Mein Verhältnis zum Alkohol ist nicht ambivalent. Ich trinke ihn sehr gerne und hauptsächlich zur Entspannung. Aber mir ist auch bewusst, dass Alkohol eine Droge ist und der Grat zur Sucht schmal. In Deutschland ist Alkohol eine der wenigen Drogen, deren Konsum gesellschaftlich anerkannt und gewünscht wird und sogar von der Politik gefördert und propagiert wird. In dem Bundesland, in dem ich lebe, darf ich offiziell mit meinen Kinder ab 14 gemeinsam trinken.
Von daher sind mir viele der Fakten und Hintergründe aus Mia Gatows Memoir „Rausch und Klarheit“ bereits bekannt, aber die Informationsgewinnung ist auch nicht der Grund, weswegen ich mich für ihr autobiografischen Hörbuch entschieden hatte.

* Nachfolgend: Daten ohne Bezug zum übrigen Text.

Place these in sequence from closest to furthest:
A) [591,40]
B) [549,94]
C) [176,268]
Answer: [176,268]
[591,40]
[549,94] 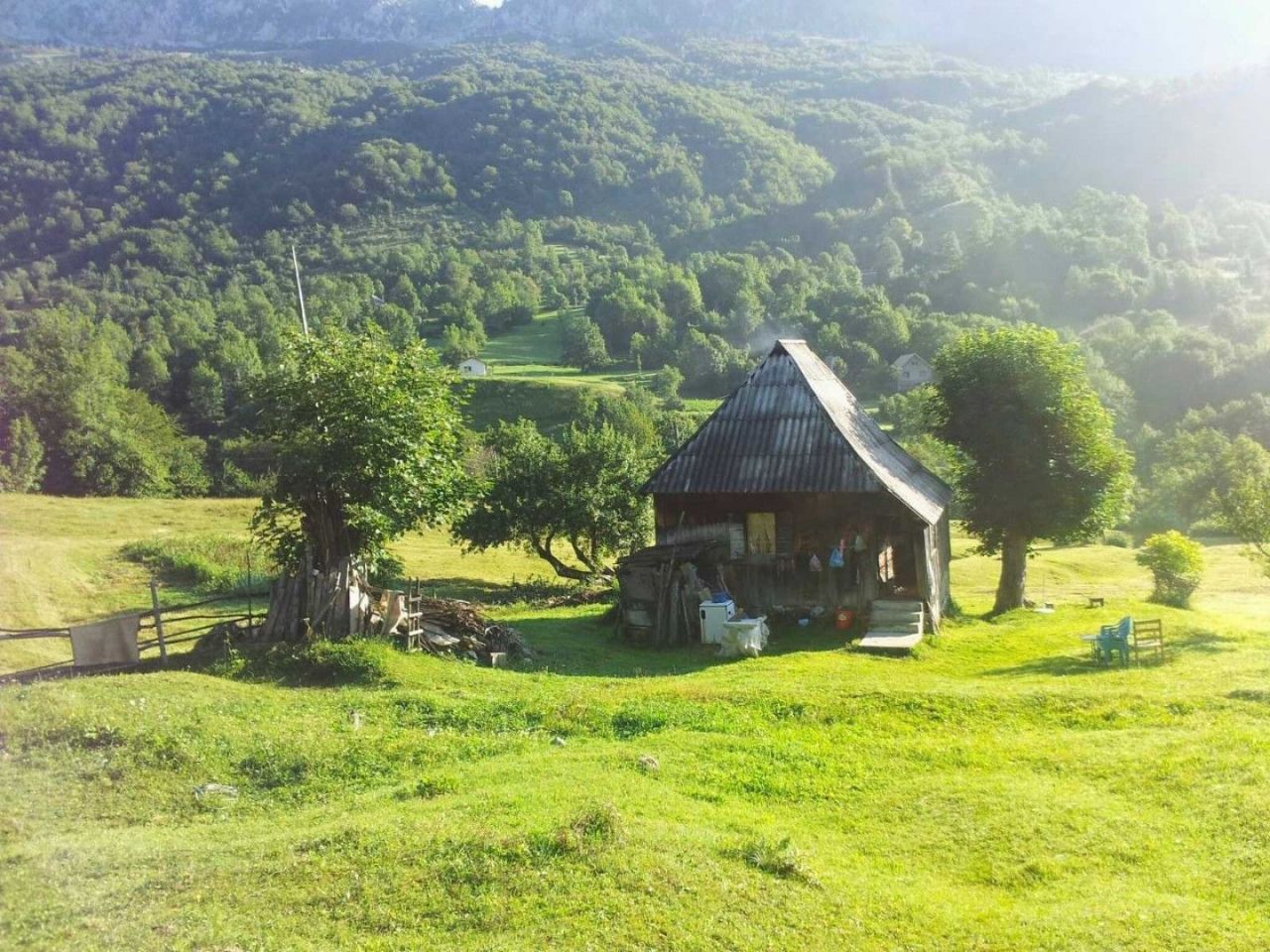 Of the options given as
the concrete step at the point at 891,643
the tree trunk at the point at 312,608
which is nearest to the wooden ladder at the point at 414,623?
the tree trunk at the point at 312,608

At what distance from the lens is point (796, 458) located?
25.8 m

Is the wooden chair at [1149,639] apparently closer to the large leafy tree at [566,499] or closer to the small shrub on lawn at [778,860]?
the small shrub on lawn at [778,860]

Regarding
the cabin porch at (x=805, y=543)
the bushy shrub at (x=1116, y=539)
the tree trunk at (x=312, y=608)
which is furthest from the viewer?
the bushy shrub at (x=1116, y=539)

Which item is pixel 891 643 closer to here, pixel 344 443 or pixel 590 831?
pixel 344 443

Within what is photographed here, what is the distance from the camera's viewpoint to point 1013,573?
1230 inches

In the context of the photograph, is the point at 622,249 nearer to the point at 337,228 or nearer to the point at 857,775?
the point at 337,228

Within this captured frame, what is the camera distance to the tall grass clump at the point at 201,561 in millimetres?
33250

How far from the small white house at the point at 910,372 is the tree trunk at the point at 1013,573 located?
271ft

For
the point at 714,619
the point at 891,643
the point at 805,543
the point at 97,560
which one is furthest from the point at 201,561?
the point at 891,643

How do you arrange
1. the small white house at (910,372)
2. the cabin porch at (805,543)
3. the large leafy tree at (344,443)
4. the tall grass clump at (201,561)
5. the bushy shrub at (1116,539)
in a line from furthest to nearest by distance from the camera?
1. the small white house at (910,372)
2. the bushy shrub at (1116,539)
3. the tall grass clump at (201,561)
4. the cabin porch at (805,543)
5. the large leafy tree at (344,443)

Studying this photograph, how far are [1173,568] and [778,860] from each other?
94.1 ft

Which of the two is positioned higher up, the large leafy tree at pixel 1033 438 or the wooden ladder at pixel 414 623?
the large leafy tree at pixel 1033 438

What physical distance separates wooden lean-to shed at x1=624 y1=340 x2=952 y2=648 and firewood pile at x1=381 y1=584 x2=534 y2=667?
19.4 feet

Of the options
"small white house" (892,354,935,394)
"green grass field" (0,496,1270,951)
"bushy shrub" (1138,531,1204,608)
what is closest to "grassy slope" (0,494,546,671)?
"green grass field" (0,496,1270,951) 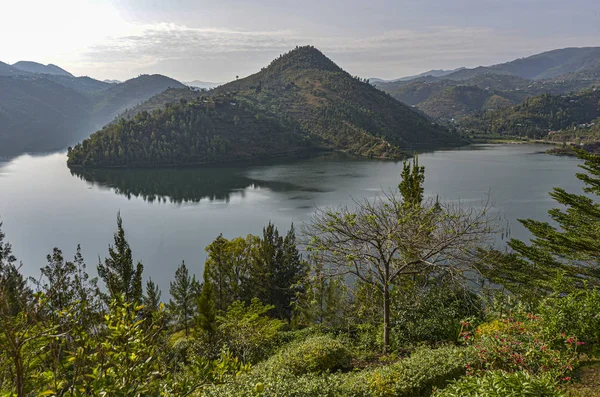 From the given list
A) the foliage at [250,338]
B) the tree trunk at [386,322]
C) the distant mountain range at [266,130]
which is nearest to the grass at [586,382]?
the tree trunk at [386,322]

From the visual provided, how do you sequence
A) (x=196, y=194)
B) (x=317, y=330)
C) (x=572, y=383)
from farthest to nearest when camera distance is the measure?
(x=196, y=194), (x=317, y=330), (x=572, y=383)

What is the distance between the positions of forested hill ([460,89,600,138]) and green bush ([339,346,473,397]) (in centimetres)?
15880

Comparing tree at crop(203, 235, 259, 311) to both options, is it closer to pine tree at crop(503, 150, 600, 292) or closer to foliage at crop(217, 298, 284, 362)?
foliage at crop(217, 298, 284, 362)

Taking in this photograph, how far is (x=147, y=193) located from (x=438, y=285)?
199ft

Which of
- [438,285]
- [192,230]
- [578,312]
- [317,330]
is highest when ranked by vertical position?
[578,312]

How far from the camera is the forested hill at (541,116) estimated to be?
156 metres

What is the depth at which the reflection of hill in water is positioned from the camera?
6162 centimetres

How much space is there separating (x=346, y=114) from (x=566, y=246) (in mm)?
132152

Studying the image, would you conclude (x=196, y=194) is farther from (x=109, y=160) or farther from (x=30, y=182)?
(x=109, y=160)

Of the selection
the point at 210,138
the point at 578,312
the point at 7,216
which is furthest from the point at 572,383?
the point at 210,138

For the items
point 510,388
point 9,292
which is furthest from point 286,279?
point 510,388

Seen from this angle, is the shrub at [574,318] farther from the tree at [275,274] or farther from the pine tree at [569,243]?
the tree at [275,274]

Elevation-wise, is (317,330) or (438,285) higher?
(438,285)

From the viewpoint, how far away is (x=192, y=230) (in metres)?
42.7
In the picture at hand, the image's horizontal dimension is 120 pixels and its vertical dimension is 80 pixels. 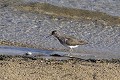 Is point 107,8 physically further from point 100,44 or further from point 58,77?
point 58,77

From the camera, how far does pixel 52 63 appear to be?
35.0ft

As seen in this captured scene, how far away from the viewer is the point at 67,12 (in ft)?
62.3

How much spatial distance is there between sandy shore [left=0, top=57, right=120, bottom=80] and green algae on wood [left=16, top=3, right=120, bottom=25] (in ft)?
23.1

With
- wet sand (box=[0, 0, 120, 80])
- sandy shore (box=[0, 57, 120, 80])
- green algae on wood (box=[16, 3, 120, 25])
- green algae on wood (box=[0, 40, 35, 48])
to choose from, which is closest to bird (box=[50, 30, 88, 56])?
wet sand (box=[0, 0, 120, 80])

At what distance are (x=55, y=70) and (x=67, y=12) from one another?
30.8 ft

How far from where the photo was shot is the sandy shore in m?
9.12

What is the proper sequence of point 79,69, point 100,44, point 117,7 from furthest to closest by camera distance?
point 117,7, point 100,44, point 79,69

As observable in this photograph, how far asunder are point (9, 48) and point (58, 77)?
385 centimetres

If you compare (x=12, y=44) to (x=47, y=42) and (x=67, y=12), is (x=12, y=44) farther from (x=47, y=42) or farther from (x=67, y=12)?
(x=67, y=12)

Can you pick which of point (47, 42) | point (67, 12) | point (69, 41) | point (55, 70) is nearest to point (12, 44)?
point (47, 42)

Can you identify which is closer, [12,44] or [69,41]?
[69,41]

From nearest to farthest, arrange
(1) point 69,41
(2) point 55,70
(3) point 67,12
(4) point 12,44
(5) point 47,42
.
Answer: (2) point 55,70
(1) point 69,41
(4) point 12,44
(5) point 47,42
(3) point 67,12

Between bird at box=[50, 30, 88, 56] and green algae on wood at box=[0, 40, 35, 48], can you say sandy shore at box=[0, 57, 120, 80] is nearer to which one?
bird at box=[50, 30, 88, 56]

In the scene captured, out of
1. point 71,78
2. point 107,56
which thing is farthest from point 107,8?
point 71,78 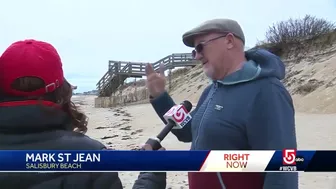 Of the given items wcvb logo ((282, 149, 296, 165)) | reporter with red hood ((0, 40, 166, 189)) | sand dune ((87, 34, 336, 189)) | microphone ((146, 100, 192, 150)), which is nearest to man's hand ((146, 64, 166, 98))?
microphone ((146, 100, 192, 150))

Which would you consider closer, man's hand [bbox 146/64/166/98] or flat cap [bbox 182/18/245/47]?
flat cap [bbox 182/18/245/47]

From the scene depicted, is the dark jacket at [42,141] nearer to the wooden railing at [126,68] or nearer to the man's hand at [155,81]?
the man's hand at [155,81]

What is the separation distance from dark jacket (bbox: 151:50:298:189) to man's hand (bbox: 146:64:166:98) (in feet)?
1.19

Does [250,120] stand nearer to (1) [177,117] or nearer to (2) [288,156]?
(2) [288,156]

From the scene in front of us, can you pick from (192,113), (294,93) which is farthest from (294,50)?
(192,113)

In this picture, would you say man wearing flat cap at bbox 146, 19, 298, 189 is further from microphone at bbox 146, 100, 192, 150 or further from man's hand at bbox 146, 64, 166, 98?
man's hand at bbox 146, 64, 166, 98

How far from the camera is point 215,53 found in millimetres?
2406

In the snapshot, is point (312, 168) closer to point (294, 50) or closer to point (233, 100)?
point (233, 100)

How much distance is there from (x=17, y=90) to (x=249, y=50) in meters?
1.35

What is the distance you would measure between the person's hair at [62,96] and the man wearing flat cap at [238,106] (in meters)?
0.76

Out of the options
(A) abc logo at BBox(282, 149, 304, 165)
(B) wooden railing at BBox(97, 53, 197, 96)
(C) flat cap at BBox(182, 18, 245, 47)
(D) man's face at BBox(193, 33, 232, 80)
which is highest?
(C) flat cap at BBox(182, 18, 245, 47)

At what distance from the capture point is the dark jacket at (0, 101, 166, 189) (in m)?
1.63

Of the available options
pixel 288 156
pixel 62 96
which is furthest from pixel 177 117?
pixel 62 96

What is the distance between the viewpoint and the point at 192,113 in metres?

Der Grund ist weit profaner. Ich liebe einfach Memoirs, die auf den ersten Blick mit meinem eigenen Leben nicht viel zu tun haben. Sicher auch aus voyeuristischen Motiven, aber wahrscheinlich will ich mir eigentlich versichern, dass beispielsweise selbst ultracoole Berliner*innen, die das aufregendste Leben ever zu führen scheinen, genauso mit existenziellen Problemen zu kämpfen haben, wie ich selbst.
Aber erst mal beginnt auch Gatows Leben und auch ihr Memoir wenig glamourös, denn sie stellt ihre Herkunftsfamilie vor, in der Alkohol schon immer eine wichtige Rolle spielte und in der Alkoholismus stark verbreitet war. Ihr Großmutter soff sich wortwörtlich zu Tode. Wie normalisiert der schwerer Alkoholkonsum in ihrer Familie war, und wie sehr diese familiäre Exposition ihr eigenes Verhältnis zum Alkohol prägen wird, wird Gatow erst später in der Rückschau klar.
Gibt es eine Veranlagung zur Sucht?
Dabei experimentiert sie in ihren Teenagerjahren lieber mit anderen, scheinbar aufregenderen und illegalen Drogen, bevor sie sich als Erwachsene dem Alkohol zuwendet.
Bei Gatow geht es viel um die Definition von Alkohlismus und die Mechanismen von Sucht, die uns oft gar nicht bewusst sind. Denn auch die Grenze zum Alkoholismus verläuft fließend und ist sehr individuell.
Viele Jahre versucht Gatow ihre Grenze für den „risikoarmen Konsum“ zu finden und wird immer wieder scheitern.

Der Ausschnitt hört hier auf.